Having moved to New York as a refugee in 1949, after being interred in a forced labor camp in Nazi Germany, Mekas has had an incomparable impact within the arenas of film and art, both through his experimental, largely diaristic films, and as co-founder of Film Culture magazine, The Film-makers’ Cooperative and Anthology Film Archives. His role as both organizer and filmmaker can be seen as one of unflinching lived activism.
Seen together, the films Jonas in the Brig and The Brig manifest a series of triangulations between the artist protagonists – Mekas, the actors of The Living Theatre, and de Hirsch – circulating around forms of theatrical realism, filmic document, and experimental reportage. The films raise questions as to the positions and limits between the document and the chronicle, experimentalism and anti-war activism, diary and art, radically redefining the space of theater.
The play The Brig was first performed by The Living Theatre on May 13, 1963. Written by former US marine Kenneth H. Brown, it draws from Brown's own experience of being held in military prison for thirty days, for being absent without leave while serving in Japan in the 1950s.
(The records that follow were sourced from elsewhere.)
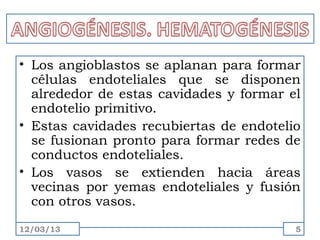 • Los angioblastos se aplanan para formar
  células endoteliales que se disponen
  alrededor de estas cavidades y formar el
  endotelio primitivo.
• Estas cavidades recubiertas de endotelio
  se fusionan pronto para formar redes de
  conductos endoteliales.
• Los vasos se extienden hacia áreas
  vecinas por yemas endoteliales y fusión
  con otros vasos.
12/03/13                                 5
 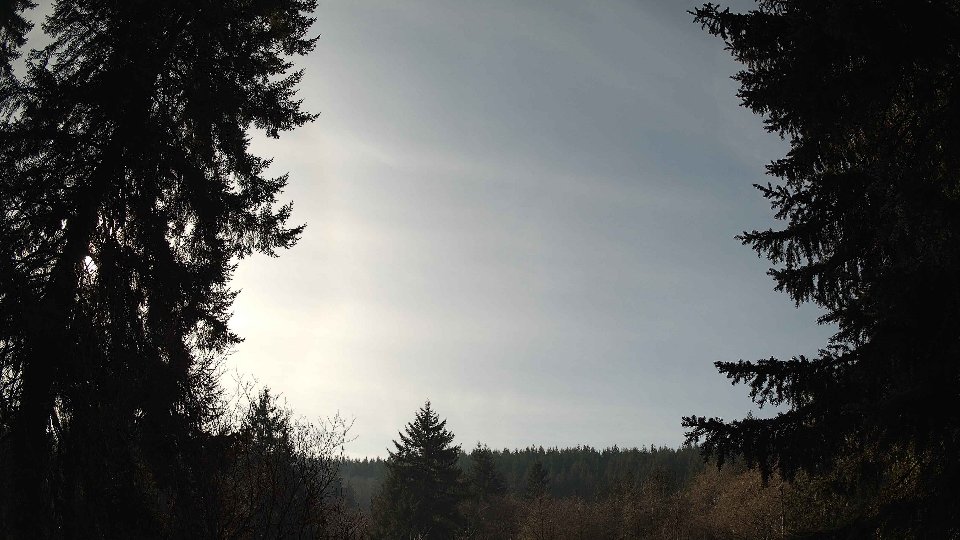 Pacific Northwest skyline timelapse on Jan 25, 2026 at 1:00 PM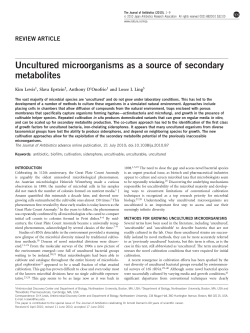 Uncultured microorganisms as a source of secondary metabolites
The Living Theatre's performance embodied the daily routines and degrading rituals of prisoners and guards – in Mekas’s words it was "so precisely acted that it moved with the inevitability of life itself ... it was a real brig, as far as I was concerned." Mekas witnessed the last public performance of the play, undertaken in direct resistance to attempts by the IRS to shut down The Living Theatre's location on 14th Street, that led to many audience and theater members being arrested. Possessed by the idea of documenting The Brig on film – what he saw as equivalent to a news reporter gaining access to a real Marine Corps prison – Mekas instigated a further defiant performance of the play at a temporary location on 42nd Street, the actors performing for the camera over the course of one night. The resulting film, an act of civil disobedience, restricts even further any awareness in the viewer that what is being documented is anything other than the real brutalities and humiliations of military life. The footage is tightly contained and claustrophobic, a precise reconstruction in cinematic terms of the experience of being in the play.
Present also at the filming of The Brig was poet, filmmaker, and founding member of The Film-makers' Cooperative Storm de Hirsch, and while her partner Louis Brigante assisted Mekas with the production, she shot her own short newsreel footage. Newsreel: Jonas in the Brig distinctly departs from Mekas's approach however, with Hirsch turning the camera on Mekas himself, an experimental study of the process of filming the play that succinctly captures the tension of the performance's wider context, and the anarchist, anti-authoritarian ethos behind The Living Theatre.
The screenings will be followed by an open discussion with Mekas involving contributions from figures engaged with activism in theater, writing, art and cinema. Audience members are encouraged to join in the conversation, and share their own perspectives on the intersection of these practices.